## Material to process

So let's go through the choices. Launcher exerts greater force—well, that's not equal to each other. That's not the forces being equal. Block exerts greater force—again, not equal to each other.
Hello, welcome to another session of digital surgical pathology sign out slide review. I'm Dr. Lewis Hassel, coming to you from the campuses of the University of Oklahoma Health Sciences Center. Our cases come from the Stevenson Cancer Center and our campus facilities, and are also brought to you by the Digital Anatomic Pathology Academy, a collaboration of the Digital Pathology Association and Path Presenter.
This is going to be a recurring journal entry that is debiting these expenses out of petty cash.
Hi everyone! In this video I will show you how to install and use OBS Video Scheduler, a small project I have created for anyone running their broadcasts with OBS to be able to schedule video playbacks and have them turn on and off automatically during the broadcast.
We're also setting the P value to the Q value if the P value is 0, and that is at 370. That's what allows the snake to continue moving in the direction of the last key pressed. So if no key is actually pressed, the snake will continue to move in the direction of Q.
--
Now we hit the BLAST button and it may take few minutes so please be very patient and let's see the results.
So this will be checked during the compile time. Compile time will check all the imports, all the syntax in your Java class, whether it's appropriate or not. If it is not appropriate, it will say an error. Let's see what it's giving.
...
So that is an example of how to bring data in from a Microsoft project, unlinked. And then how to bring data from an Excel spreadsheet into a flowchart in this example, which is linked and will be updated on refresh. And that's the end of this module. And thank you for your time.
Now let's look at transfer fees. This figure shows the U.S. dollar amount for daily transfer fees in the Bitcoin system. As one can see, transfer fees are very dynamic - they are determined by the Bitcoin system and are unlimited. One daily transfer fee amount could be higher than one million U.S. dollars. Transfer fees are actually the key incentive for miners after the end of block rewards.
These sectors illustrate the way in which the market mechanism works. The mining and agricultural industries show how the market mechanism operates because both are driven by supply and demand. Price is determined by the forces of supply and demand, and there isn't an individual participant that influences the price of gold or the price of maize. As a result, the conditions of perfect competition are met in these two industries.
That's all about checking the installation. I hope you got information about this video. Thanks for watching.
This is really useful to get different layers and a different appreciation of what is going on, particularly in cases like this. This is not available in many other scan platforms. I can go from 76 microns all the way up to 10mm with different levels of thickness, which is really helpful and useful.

## Required action
Give the count of lines in the listing that contain the word "during". No explanation is wanted.

## Task solution
2